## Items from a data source
»»

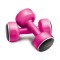 Гантельний ряд Smart 19кг Body Sculpture BW 108T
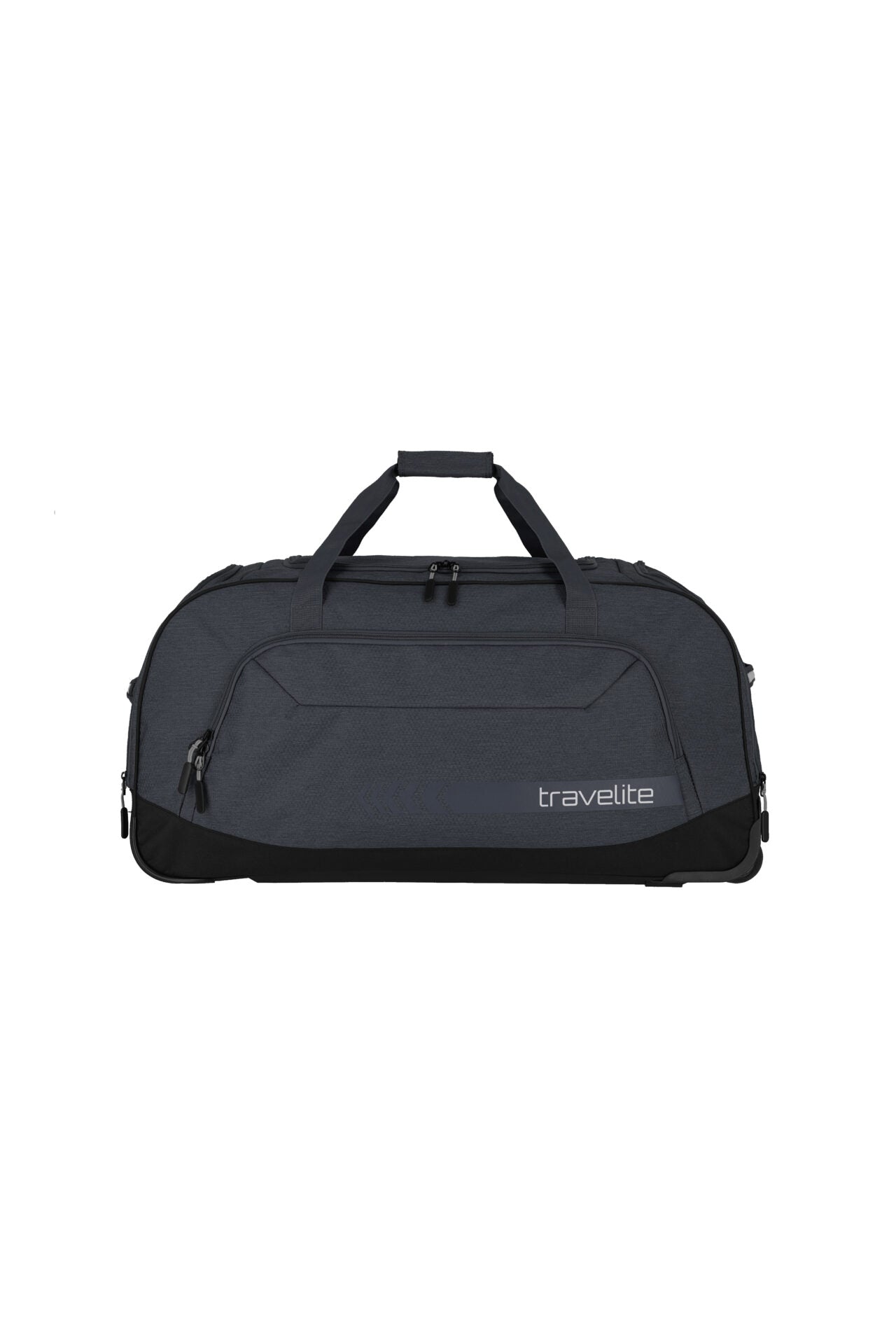 Travelite KICK OFF Rollenreisetasche XL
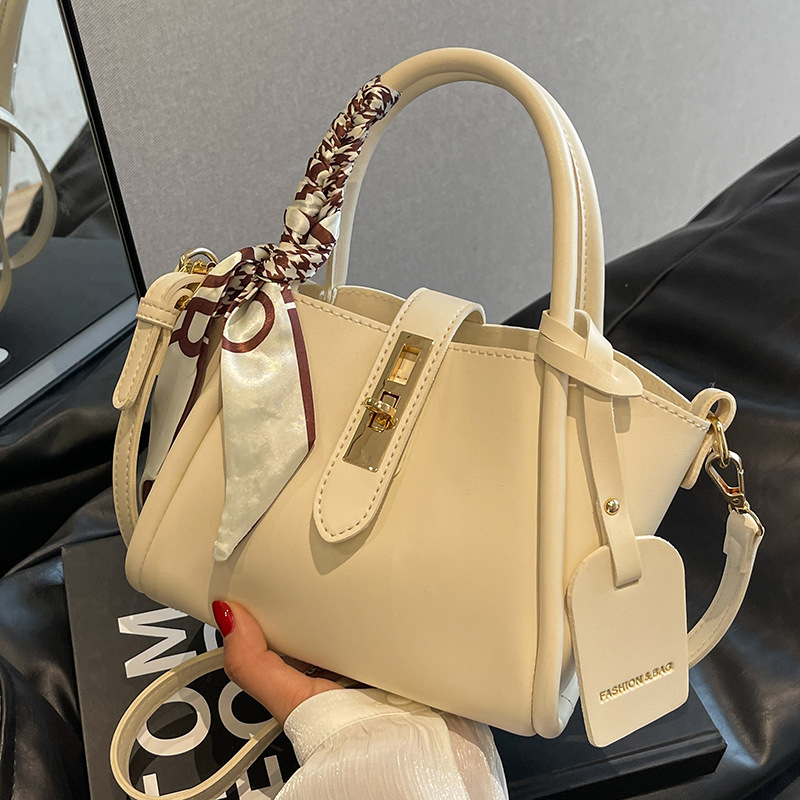 Interior Design Korean Style - Sacos para mulheres versátil mão-transporte cruz-corpo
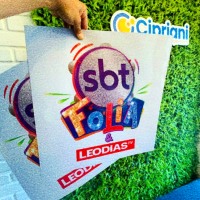 Adesivo Provisório para Carro | Zona Leste SP | Cipriani Comunicação Visual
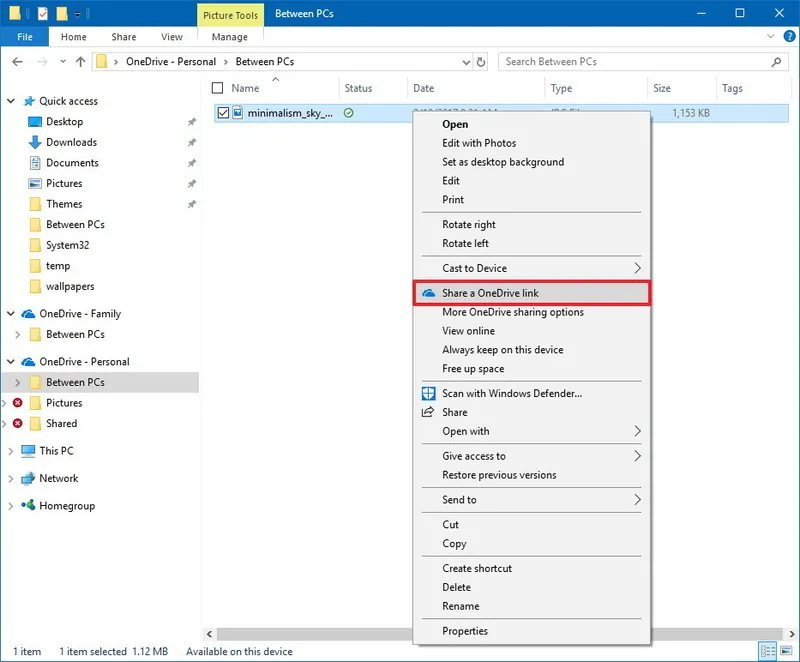 "Tất tần tật" về OneDrive cho người mới sử dụng.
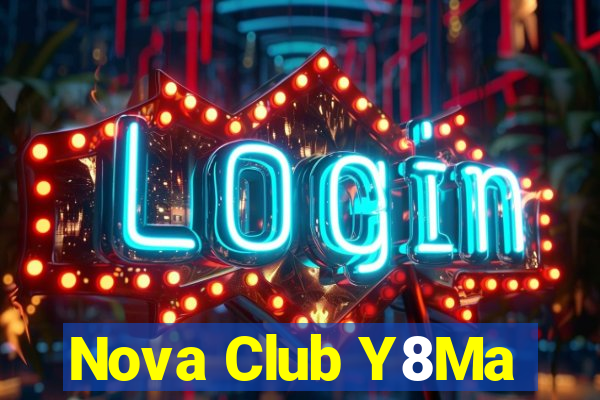 Nova Club Y8Ma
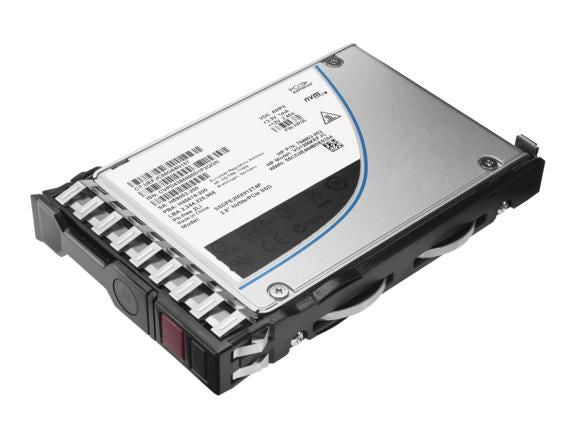 875863-001, 480 GB, 2.5", 6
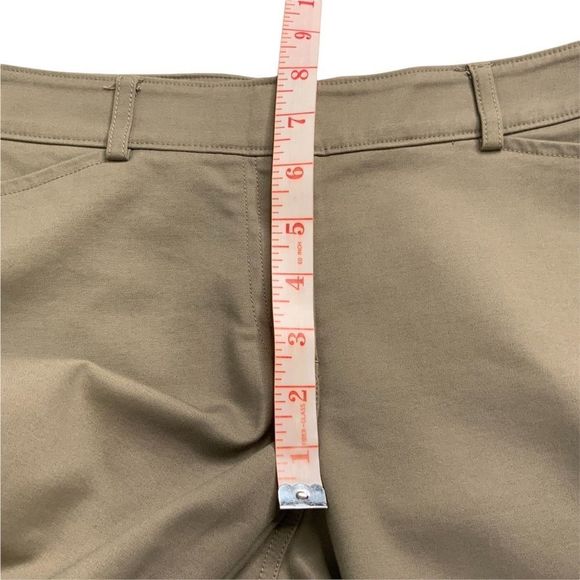 J. Crew Women's Tan Pants - Picture 6 of 8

««

## Work order
Repeat exactly the lines from the one containing "Travelite KICK OFF Rollenreisetasche XL" to the last line of the data above, both included, and write no pictures into the copy.

## Solved problem
 Travelite KICK OFF Rollenreisetasche XL
 Interior Design Korean Style - Sacos para mulheres versátil mão-transporte cruz-corpo
 Adesivo Provisório para Carro | Zona Leste SP | Cipriani Comunicação Visual
 "Tất tần tật" về OneDrive cho người mới sử dụng.
 Nova Club Y8Ma
 875863-001, 480 GB, 2.5", 6
 J. Crew Women's Tan Pants - Picture 6 of 8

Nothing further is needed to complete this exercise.